Pelican searches for templates in the following order:

Individual template overrides, via settings['THEME_TEMPLATES_OVERRIDES'].
The configured theme, via settings['THEME'].
The default simple theme packaged with Pelican.

We can implement this search order using a FileSystemLoader, housed in an Environment for convenience:

import pelican
from jinja2 import Environment, FileSystemLoader
from pathlib import Path

template_paths = [*(Path(o) for o in settings['THEME_TEMPLATES_OVERRIDES']),
                  Path(settings['THEME'])/'templates',
                  Path(pelican.__file__).parent/'themes/simple/templates']
env = Environment(loader=FileSystemLoader(template_paths),
                  **settings['JINJA_ENVIRONMENT'])

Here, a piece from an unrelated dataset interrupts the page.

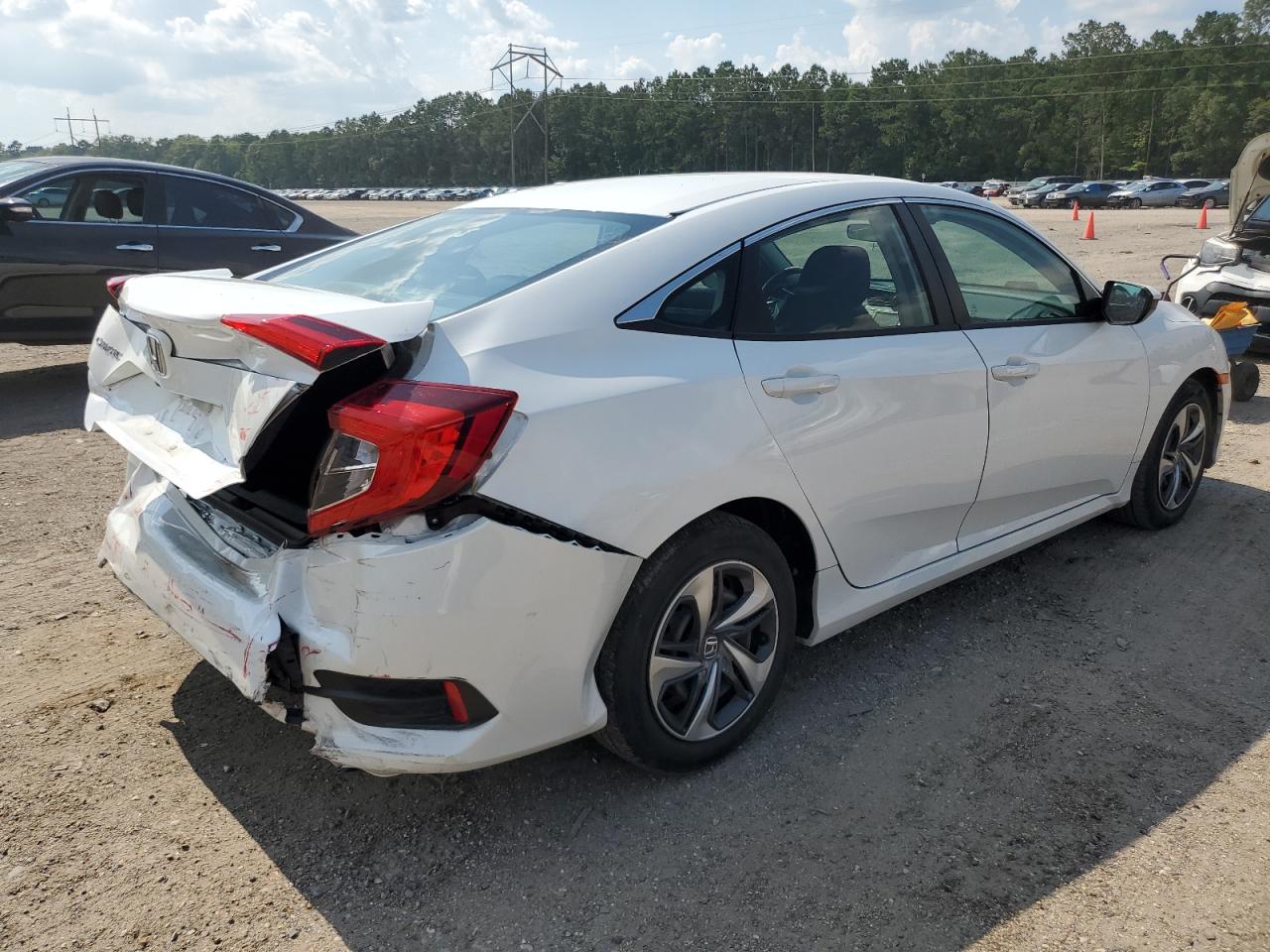 Photo 2 VIN: 2HGFC2F65LH549400 - HONDA CIVIC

Now we can get the article template:

template = env.get_template('article.html')

The last step of preparation is to create the context dictionary that’s passed through to the Template to render the article:

from pelican.contents import Article

context = settings.copy()
article = Article(content, metadata, settings, post_filepath, context)
article.readtime = {'minutes': 1}  # NOTE: this is a workaround to support the readtime plugin that I use
context['article'] = article

And now we can write the final result!

from pelican.writers import Writer

output_dir = root/'test'
writer = Writer(output_dir, settings)
writer.write_file(Path(post_filepath.name).with_suffix('.html'), template, context)

Let’s read it back in and see what it looks like. We’ll extract only the body using a simple regex - I’d usually recommend considering Beautiful Soup for parsing HTML but regex works fine for our case:

import re

with open(output_dir/'2022-06-20-hello-pelican.html') as f: html = f.read()
body = re.findall('<body>(.*?)</body>', html, re.DOTALL)[0].strip()
HTML(body)

Hello Pelican

June 20, 2022 • 1 min read

Welcome

Hello and welcome to our markdown blog post!

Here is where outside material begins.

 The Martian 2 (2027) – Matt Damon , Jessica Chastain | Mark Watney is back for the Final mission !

The provided templates have added a navigation bar at the top, a title below that, as well as the publication date and estimated reading time. And that’s it, we’ve successfully rendered a blog post web page using Pelican’s low-level components!

Before we end off, clean up the files we made along the way:

import shutil
shutil.rmtree(output_dir, ignore_errors=True)
post_filepath.unlink(missing_ok=True)